This page documents ways to build Apache Hadoop trunk, and some of the former release branches.

Contents

Prerequisites for build

  1. A Java JDK - To compile and use Apache Hadoop.

2. Apache Maven (3+) - To build and manage the Apache Hadoop projects and its dependencies.

3. Git or Apache Subversion - To fetch Apache Hadoop sources and manage patches.

4. Some spirit is always good to have.

Building trunk

The trunk branch is where the base of all development happens. All new features and improvements, aside of usual bug fixing, happens on trunk first and then is backported (copied over) to a release branch (such as branch-2 or branch-1).

If you are planning to develop a new thing for Apache Hadoop, trunk is what you need to familiarize yourself with.

  1. Checkout the sources (Use any method below):

2. Download and install Google Protobuf 2.5 (higher may not work) in your OS/Distribution.

  1. On RHEL/CentOS/Fedora, do yum install protobuf-compiler 2. On Ubuntu, do apt-get install protobuf 3. On OSX, you can get Homebrew and do brew install protobuf 4. (The list can go on, but you get the idea, and you have access to a web search engines…) 5. Do ensure the version is right with a protoc --version

3. Optional: Install all the usual build/development essentials like gcc, 'g+/gcc-c+, cmake, make, zlib, etc. for various native-code components you may want to hack on.

4. Enter the top level checkout directory (hadoop) and issue mvn install -DskipTests to kick off the compile.

5. If you want to generate eclipse project files, run: mvn eclipse:eclipse. Or alternatively, use the m2e plugin in Eclipse and import these maven projects directly.

6. Post step (4), if you want to run any tests, just head down into the sub-module or the parent-module and issue an mvn test. For specific test classes, do mvn -Dtest=TestClassNameHint test.

Building branch-2

The branch-2 branch of Apache Hadoop is where all the 2.x based releases are made, such as the 2.0.0-alpha release, etc.. The 2.x release line is the current future of Apache Hadoop releases.

This is similar to building trunk, but checkout the "branch-2" branch before you run the commands.

  1. Checkout the sources (Use any method below):
    • Using GitHub mirror: git clone git@github.com:apache/hadoop.git hadoop
      • Checkout the branch-2 branch once this is done: cd hadoop; git checkout branch-2
    • Using Apache Git mirror: git clone git://git.apache.org/hadoop.git hadoop
      • Checkout the branch-2 branch once this is done: cd hadoop; git checkout branch-2
    • Using the Subversion repo: svn checkout http://svn.apache.org/repos/asf/hadoop/common/branches/branch-2 hadoop

2. If you want to generate eclipse project files, run: mvn eclipse:eclipse.

Building branch-0.23

The branch-0.23 is similar to branch-2 but lacks two specific, important changes: Protocol buffer RPCs for services, and High-Availability HDFS. This branch is maintained by Yahoo!'s Hadoop team for their internal distribution of Apache Hadoop deployment and is currently active. All work put in branch-0.23 as part of bug fixing, also makes it to branch-2, thereby making this a subset of branch-2. When branch-2 approaches a stable release, work on this branch is expected to be ended/abandoned by Yahoo! as 2.x gets deployed into their clusters.

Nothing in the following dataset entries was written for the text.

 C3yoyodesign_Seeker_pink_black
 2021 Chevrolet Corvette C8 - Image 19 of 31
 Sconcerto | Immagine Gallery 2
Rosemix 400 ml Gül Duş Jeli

Note that this is the last remaining active branch that does not follow the new 1, 2, 3… style of version numbering and chooses to use the older style of 0.2x. Do not let that confuse you - its just that they couldn't get a proper first-class numbering by the time they chose to continue work on this subset.

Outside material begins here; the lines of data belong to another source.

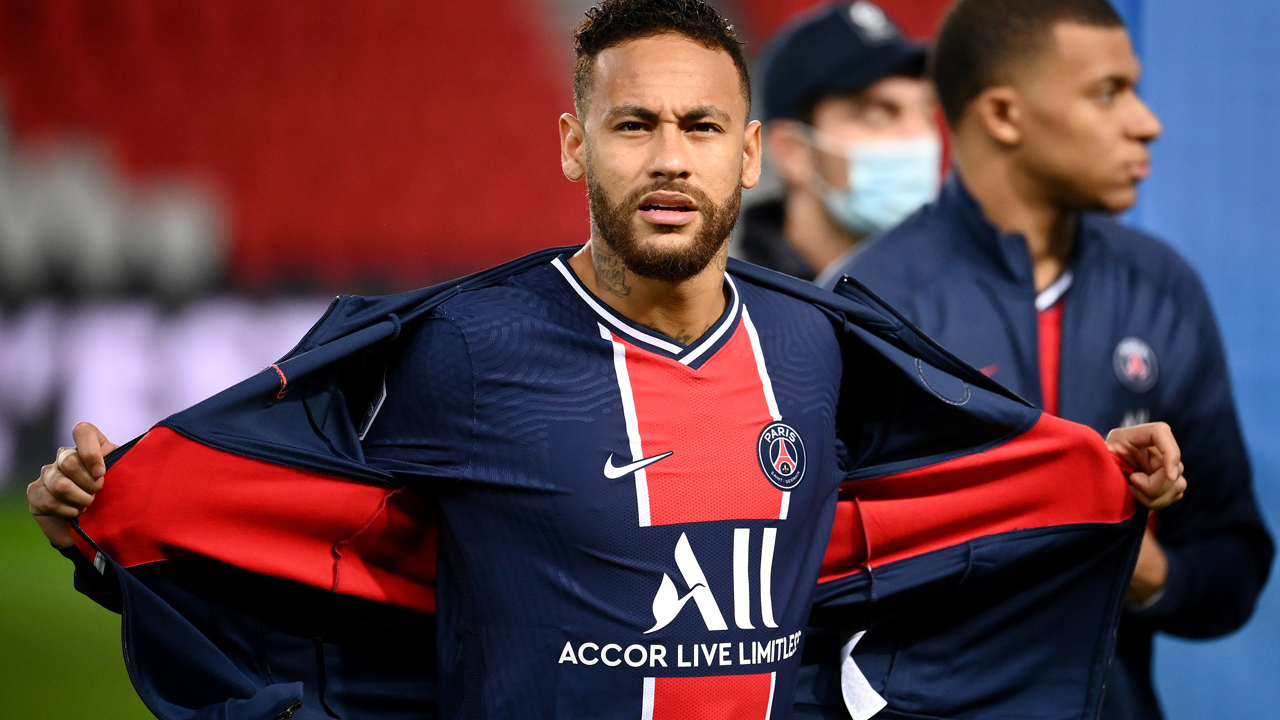 FBL-FRA-LIGUE1-PARIS-ANGERS
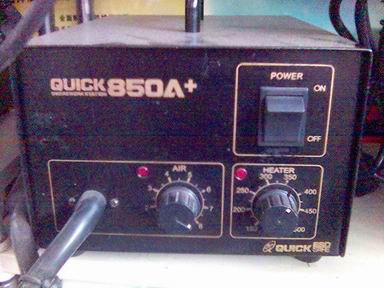 Quick850AoUL_Lη_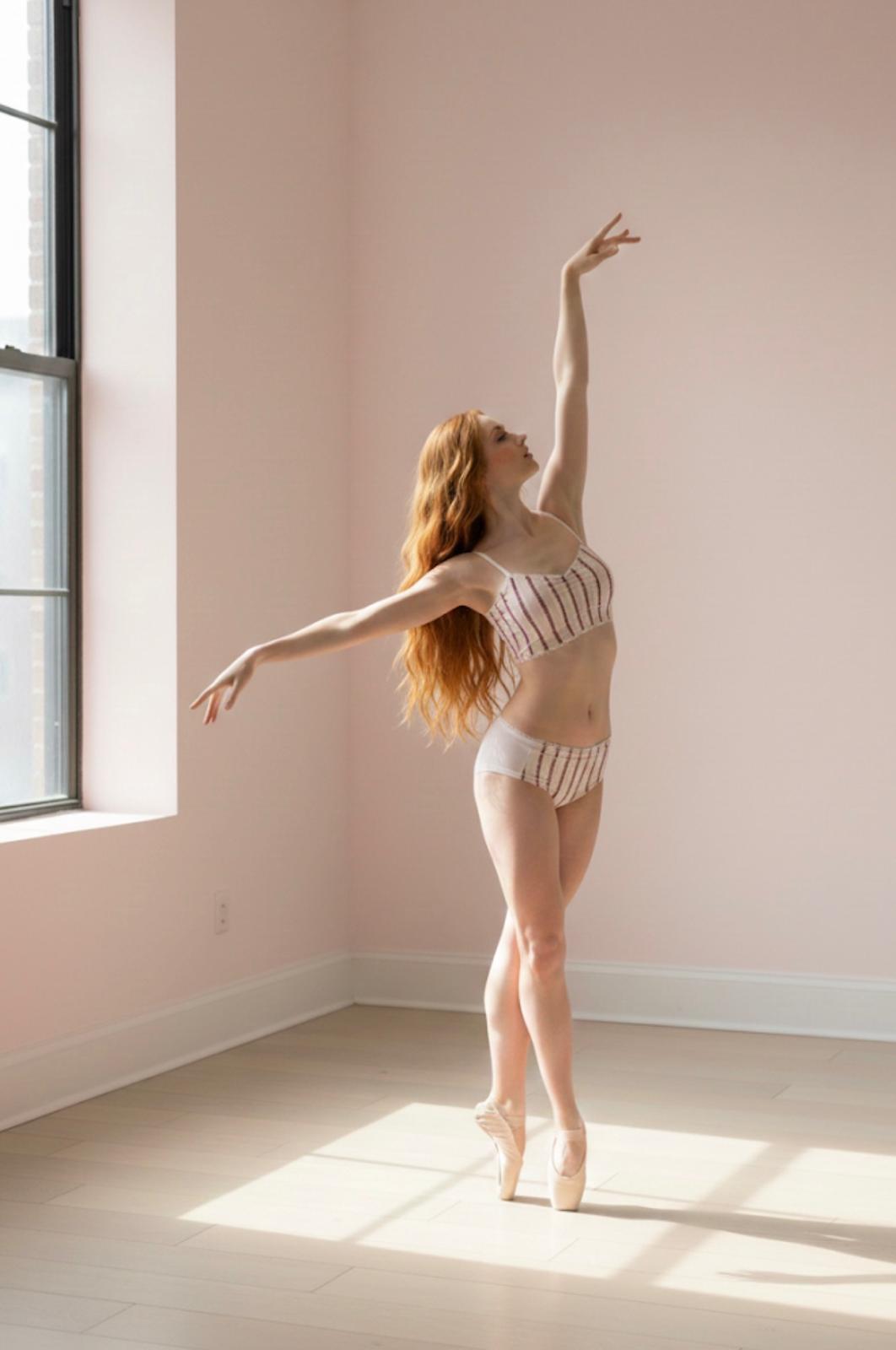 תחתוני ג'וי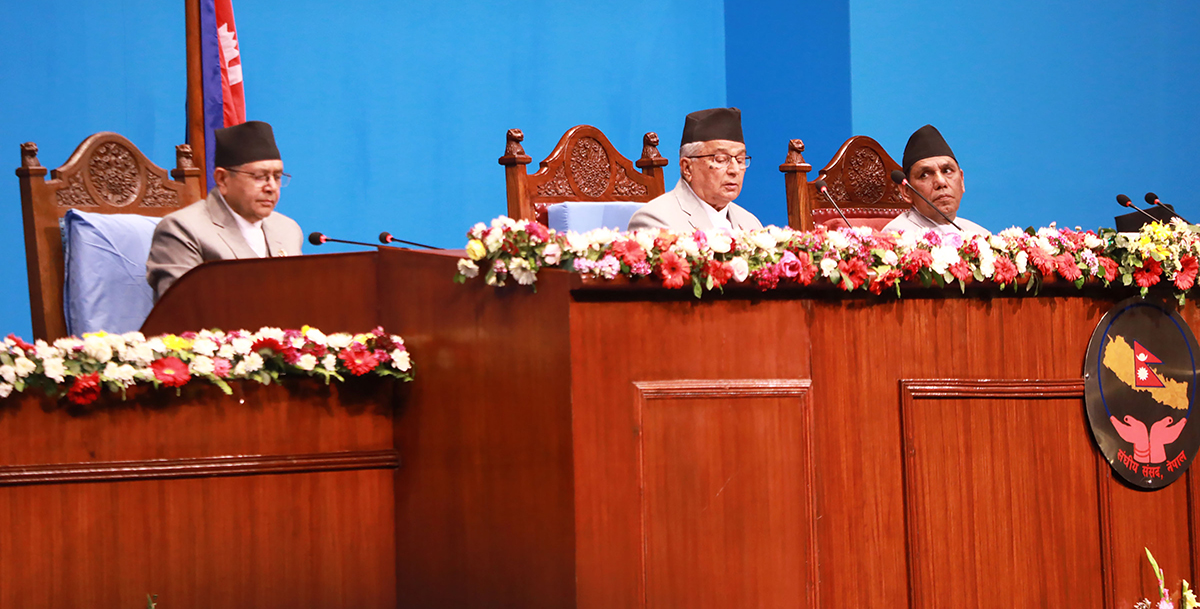 सहकारी नियमन प्राधिकरणमा कोष खडा गरी सहकारीपीडितको रकम फिर्ता गरिने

This is similar to building trunk, but checkout the "branch-0.23" branch before you run the commands.

  1. Checkout the sources (Use any method below):
    • Using GitHub mirror: git clone git@github.com:apache/hadoop.git hadoop
      • Checkout the branch-0.23 branch once this is done: cd hadoop; git checkout branch-0.23
    • Using Apache Git mirror: git clone git://git.apache.org/hadoop.git hadoop
      • Checkout the branch-0.23 branch once this is done: cd hadoop; git checkout branch-0.23
    • Using the Subversion repo: svn checkout http://svn.apache.org/repos/asf/hadoop/common/branches/branch-0.23 hadoop

2. If you want to generate eclipse project files, run: mvn eclipse:eclipse.

Building branch-0.22

Although not officially stated anywhere yet, the branch-0.22 is apparently abandoned or unmaintained currently. As of the current wiki update here, the last commit to have hit the branch-0.22 was half a year ago, and the last release the branch made was even further back.

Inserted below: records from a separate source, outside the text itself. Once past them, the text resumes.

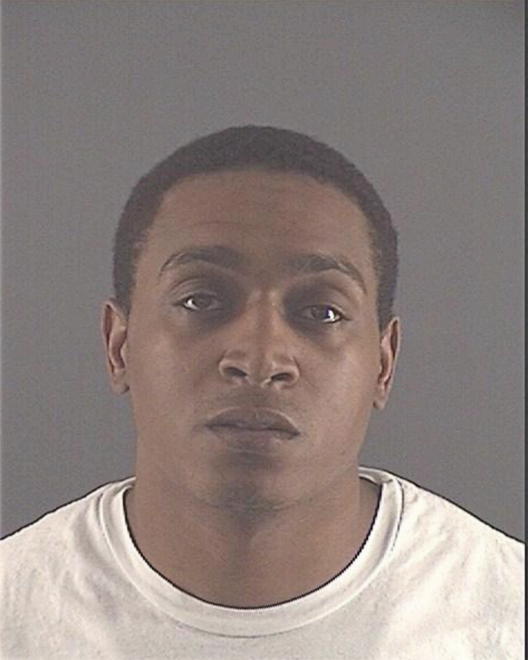 HOWARD, ADRIAN C - Peoria County, IL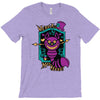 wonder T-Shirt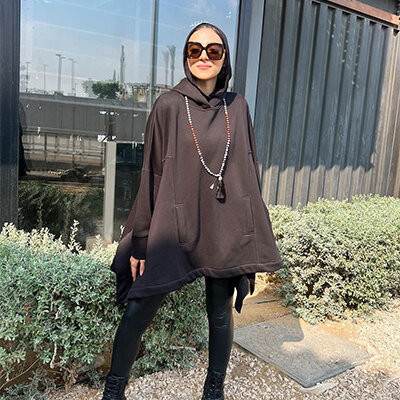 ملابس الشتاء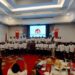 Resmi Dilantik, Pengurus Ikatan Arsitek Indonesia Sultra Siap Berkontribusi untuk Kemajuan Pembangunan Daerah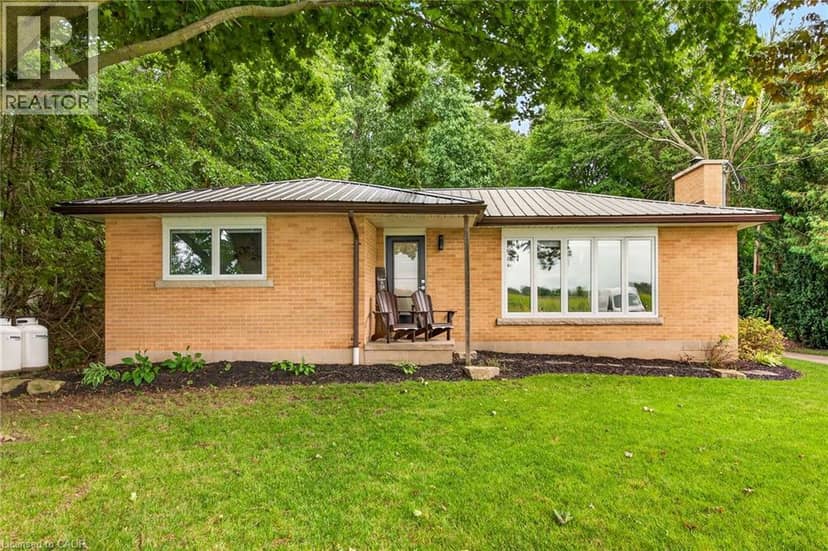 2098 ST. JOHN'S Road W, Simcoe, photo 3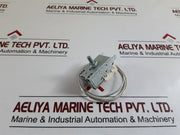 Ranco K22-l1086 Thermostat 10-28-01S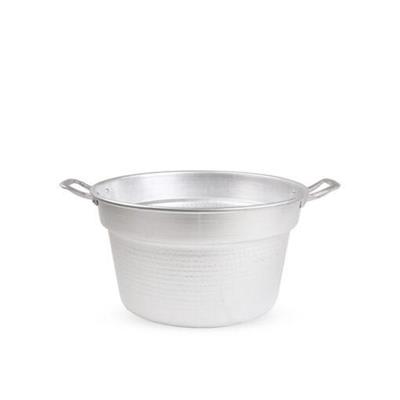 PENTALUX CALDAIA ALLUMINIO SPECIAL 16CM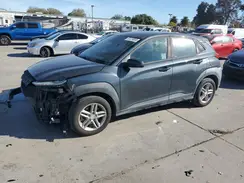 KM8K1CAA5KU292833 2019 HYUNDAI KONA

Officially the last branch and higher release of Apache Hadoop to include MR1 (JobTracker/TaskTrackers), when YARN arrived, this branch was stopped full-time development upon and work moved onto branch-2.

0.22 and below used Apache Ant as the build tool. You need the latest Apache Ant installed and the 'ant' executable available on your PATH before continuing.

  1. Checkout the sources (Use any method below):
    • Using GitHub mirror: git clone git@github.com:apache/hadoop.git hadoop.
      • Check out the branch-0.22 branch once this is done: cd hadoop; git checkout branch-0.22
    • Using Apache Git mirror: git clone git://git.apache.org/hadoop.git hadoop
      • Check out the branch-0.22 branch once this is done: cd hadoop; git checkout branch-0.22
    • Using the Subversion repo: svn checkout http://svn.apache.org/repos/asf/hadoop/common/branches/branch-0.22 hadoop

2. Optional: Install all the usual build/development essentials like gcc, autoconf, automake, make, zlib, etc. for various native-code components you may want to hack on.

3. There are three projects subdirectories that lie under the root hadoop directory: common/, hdfs/, and mapred/. You will need to build each one individually, or build the ones you are interested in.

  1. For instance, to build the "mapred" project, you need to begin by entering its directory: cd hadoop/hdfs. 2. To then compile the whole project, run: ant compile. 3. The above instructions can be repeated for hadoop/common and hadoop/hdfs project directories.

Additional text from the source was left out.